### Information provided
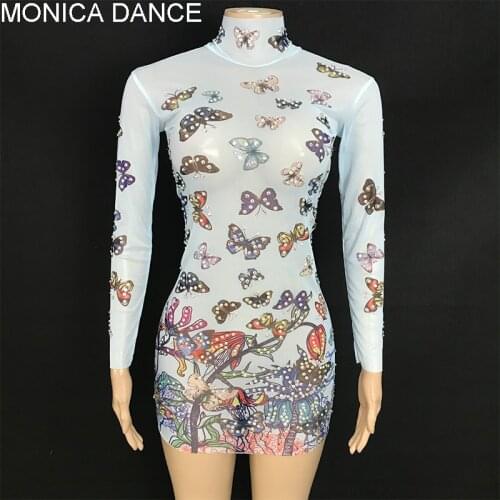 Women Sexy Stage Blue Butterfly Flowers Dress Transparent Evening Birthday Dance Party Costume Stage Rhinestones Singer Dress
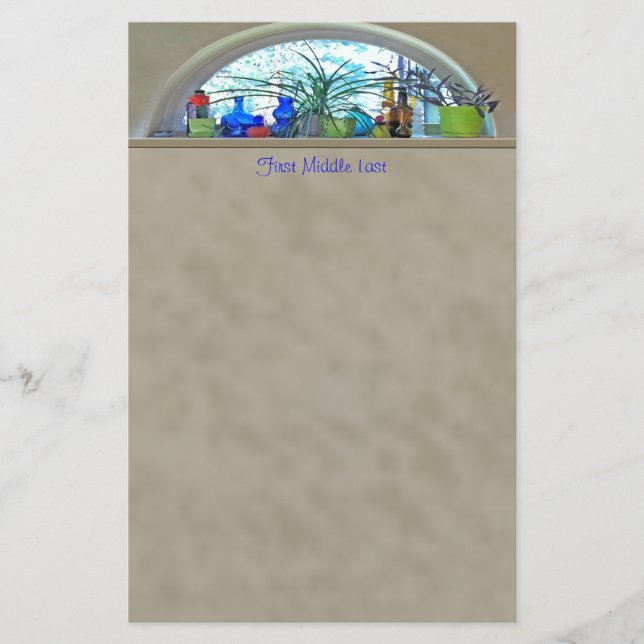 Fönster med eget namn Glass Flaskor Plants Waterco Brevpapper (Framsida)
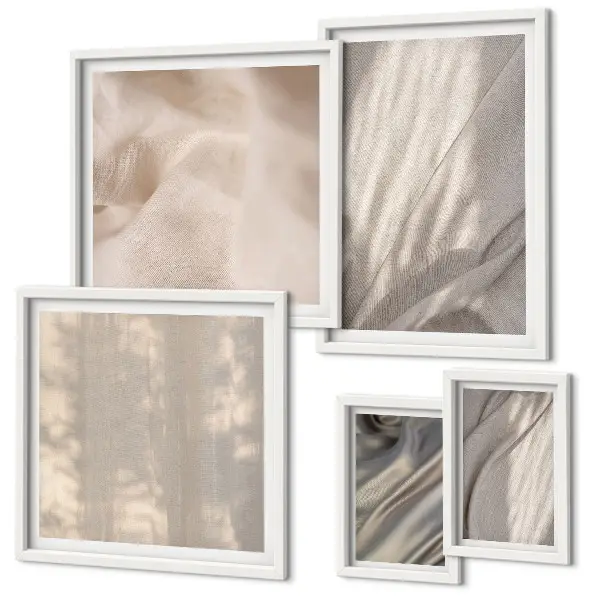 Conjunto de cuadros decorativos con telas bohemias naturales en primer plano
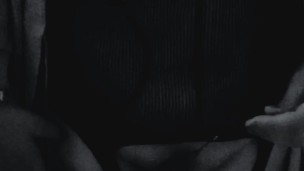 Chubby slut feathers her wet pussy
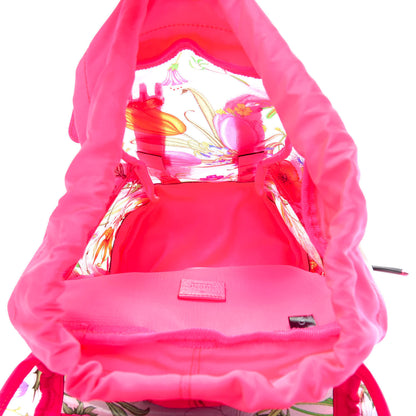 Gucci PVC Floral Double Buckle Backpack Fuchsia 4 of 10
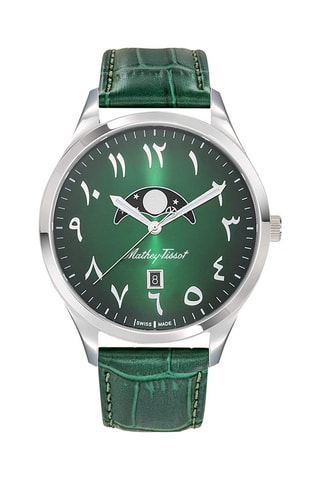 Montre à quartz en cuir véritable Urban Moon - Vert et argenté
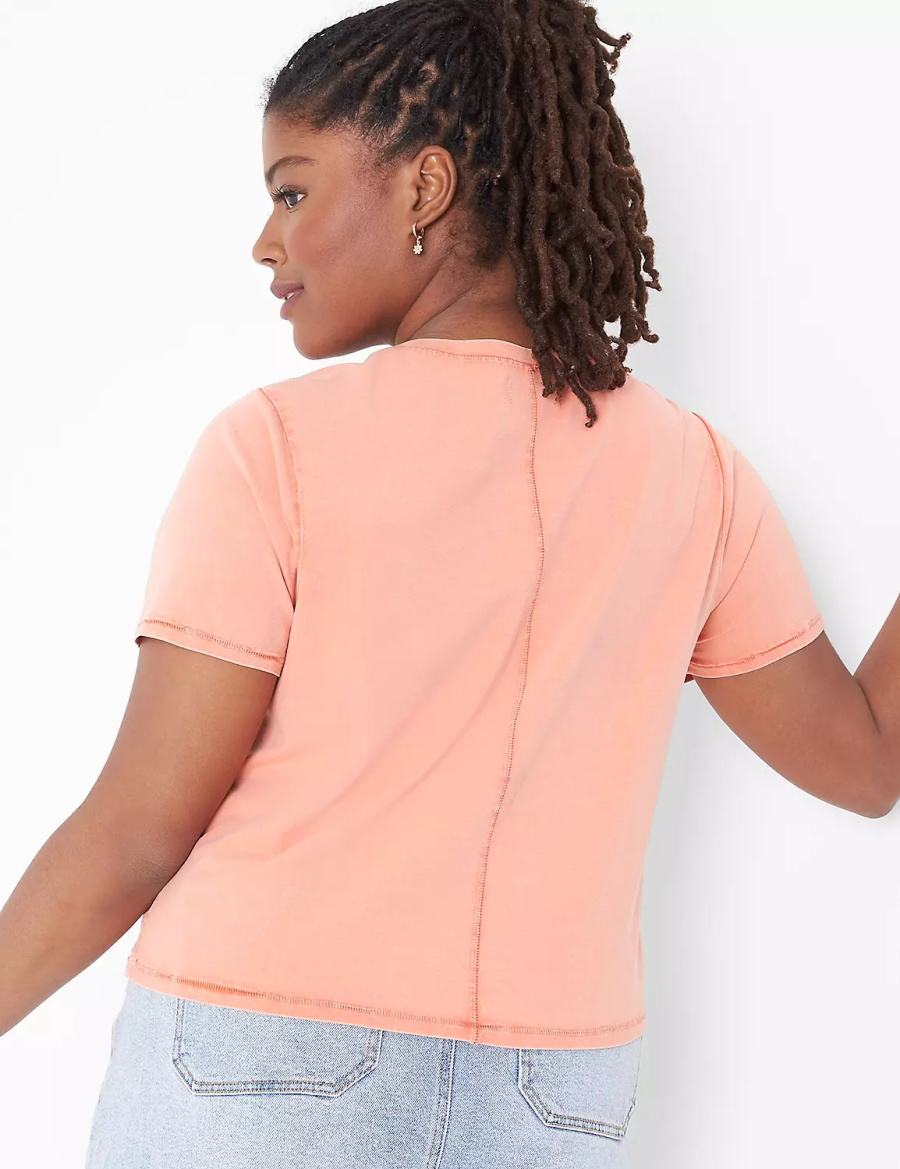 Lane Bryant Crop Crew-Neck Washed Tee Women T Shirts Orange | GAM2553UZ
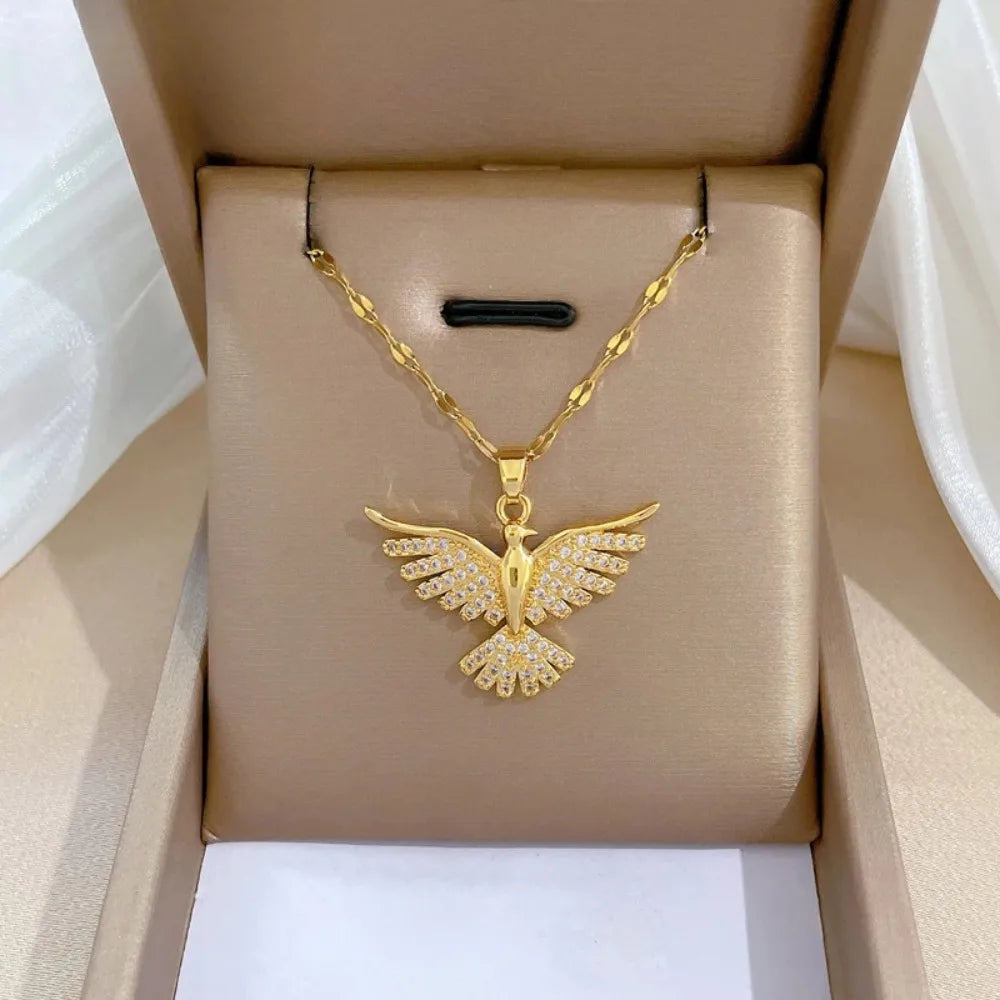 DIEYURO 316L Stainless Steel Phoenix Eagles Pendant Necklace For Women Girl 2023 New Trend Choker Neck Chain Jewelry Gift Party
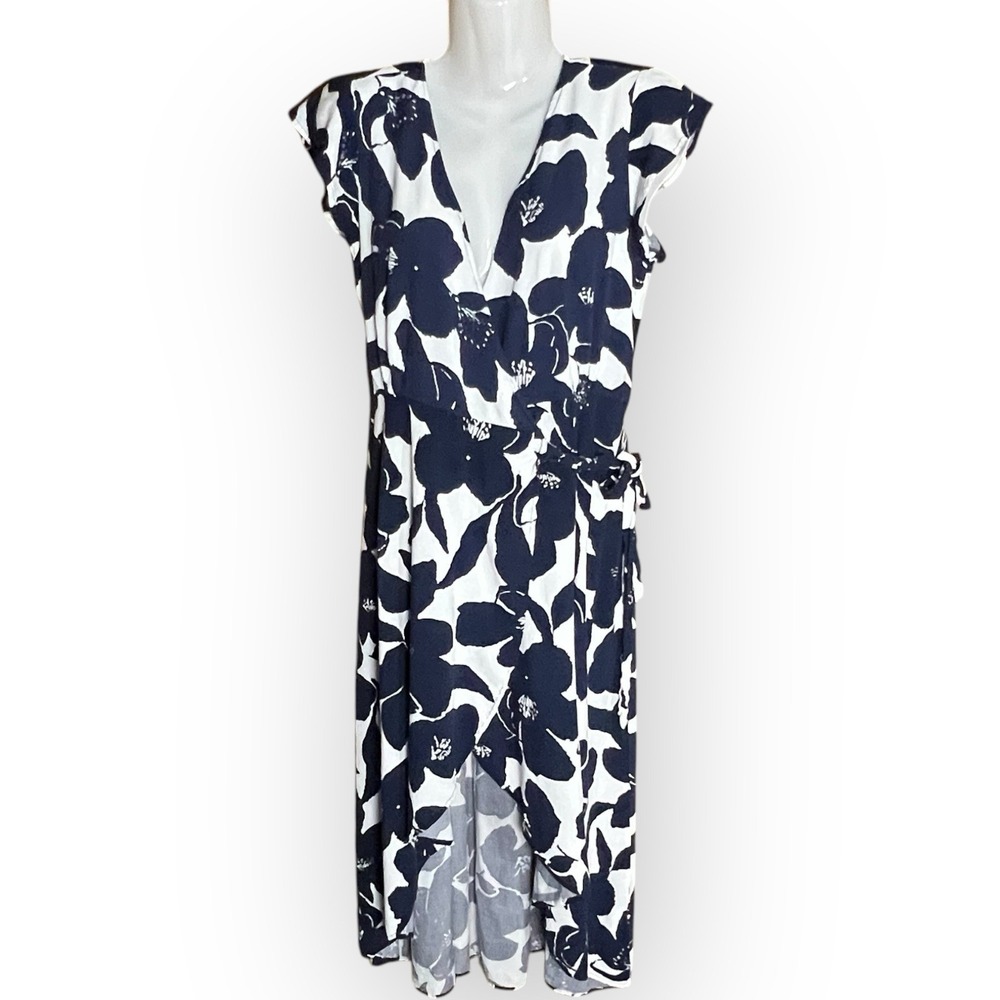 Zaberry Womens Medium Wrap Dress Blue White‎ Floral High Low Cruise Vacations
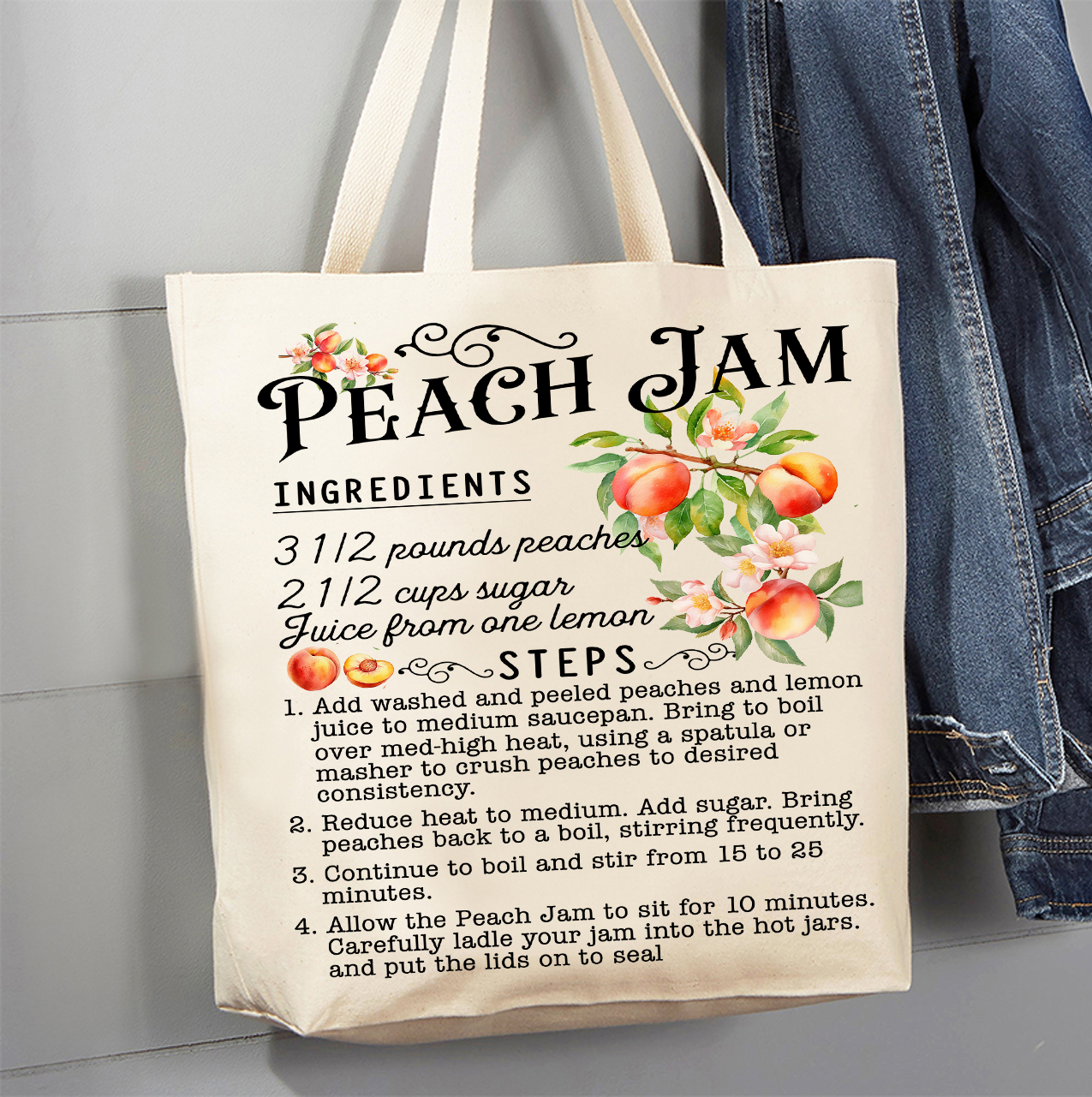 Fresh Peach Jam Recipe Canvas Tote Bag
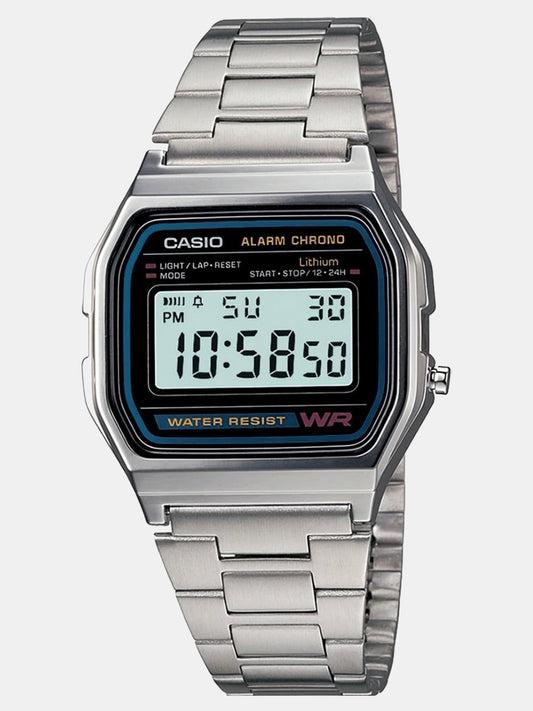 CASIO Vintage A158WA-1DF Black Dial Silver Stainless Steel Band Digital Watch  - For Men & Women D011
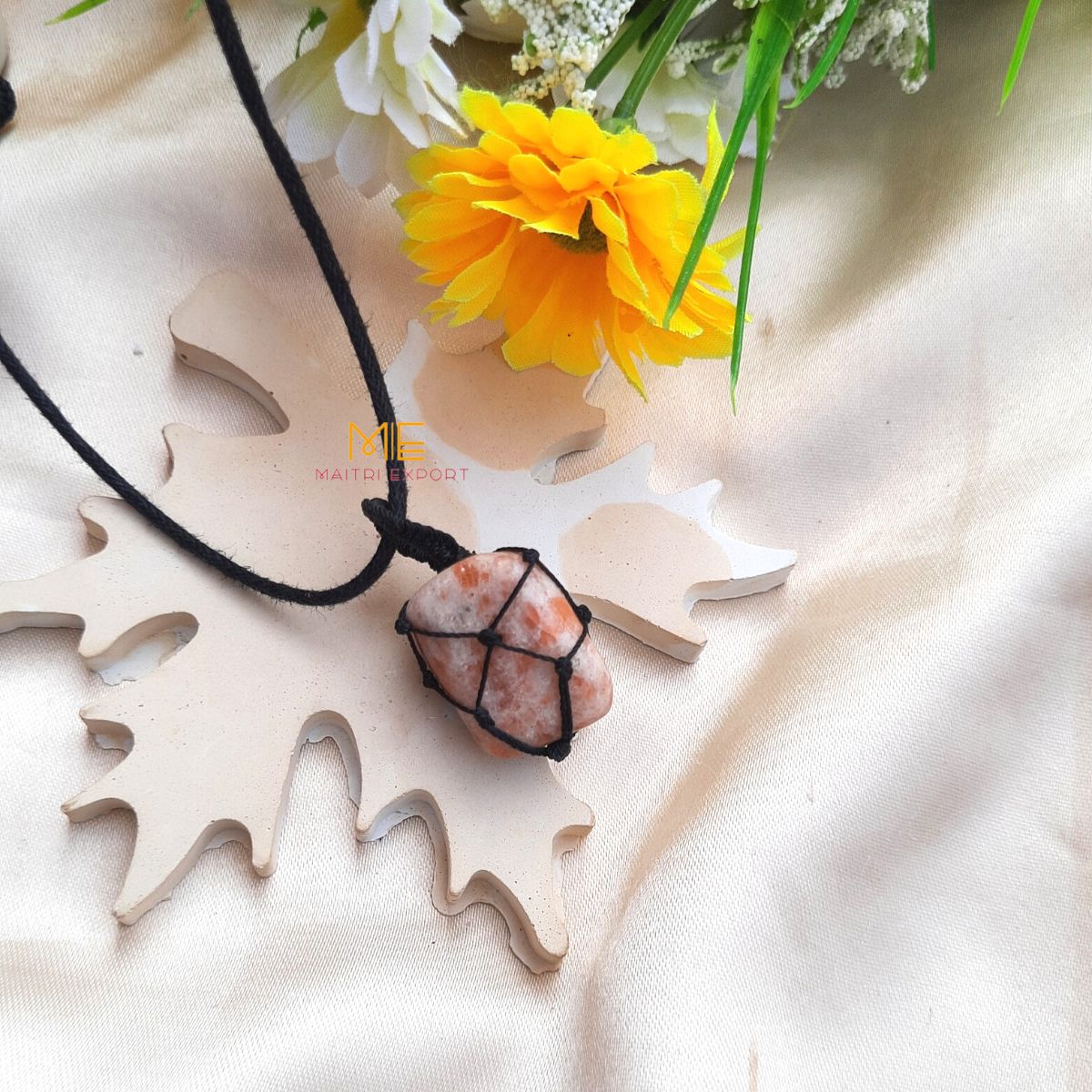 Thread wrapped macrame Crystal tumble pendants with black thread chain-Sunstone-Maitri Export | Crystals Store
######
> **Aim of the exercise**
Leave the pictures out and restate the listing word for word.

> **Response**
 Women Sexy Stage Blue Butterfly Flowers Dress Transparent Evening Birthday Dance Party Costume Stage Rhinestones Singer Dress
 Fönster med eget namn Glass Flaskor Plants Waterco Brevpapper (Framsida)
 Conjunto de cuadros decorativos con telas bohemias naturales en primer plano
 Chubby slut feathers her wet pussy
 Gucci PVC Floral Double Buckle Backpack Fuchsia 4 of 10
 Montre à quartz en cuir véritable Urban Moon - Vert et argenté
 Lane Bryant Crop Crew-Neck Washed Tee Women T Shirts Orange | GAM2553UZ
 DIEYURO 316L Stainless Steel Phoenix Eagles Pendant Necklace For Women Girl 2023 New Trend Choker Neck Chain Jewelry Gift Party
 Zaberry Womens Medium Wrap Dress Blue White‎ Floral High Low Cruise Vacations
 Fresh Peach Jam Recipe Canvas Tote Bag
 CASIO Vintage A158WA-1DF Black Dial Silver Stainless Steel Band Digital Watch  - For Men & Women D011
 Thread wrapped macrame Crystal tumble pendants with black thread chain-Sunstone-Maitri Export | Crystals Store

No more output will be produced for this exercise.